Dans nos campagnes, les rues des villages sont vides. Pas de cris d'enfants ; seuls quelques anciens se promènent lorsqu'une éclaircie apparaît dans le ciel.
Sur les panneaux électoraux, les affiches mouillées pendent lamentablement.
Qui dit que le pouvoir d'achat des Français est en perte de vitesse ? Où sont donc tous les parents et enfants de nos petites bourgades ? Même les toutous sont partis avec leurs maîtres !
Et les maires en prennent à leur aise en s'octroyant quelques jours avant de reprendre leur vie d'avant. Du moins, le croient-ils.
Ils comptent sur la fameuse "prime au sortant". Et souvent, ils ont raison.
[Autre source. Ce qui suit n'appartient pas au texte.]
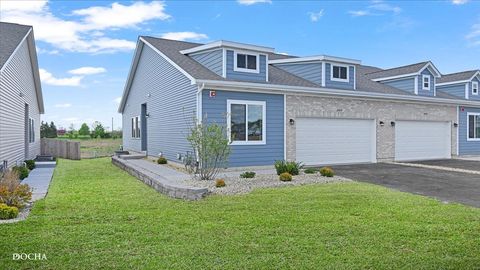 Photo of 3993 Shoeger Drive, Yorkville, IL 60560 (MLS # 12610635)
Non pas parce qu'ils ont accompli des prouesses au long de leur mandat, mais parce que, par paresse, leurs
administrés qui les vitupèrent pendant plusieurs années, au moment de mettre dans l'urne un bulletin sur lequel de nouveaux noms apparaissent, préfèrent reprendre ceux qu'ils ont déjà entendus
et vaguement aperçus.
Mais que font donc tous les nouveaux candidats qui ont décidé de faire changer les choses sans bouleverser les villages ?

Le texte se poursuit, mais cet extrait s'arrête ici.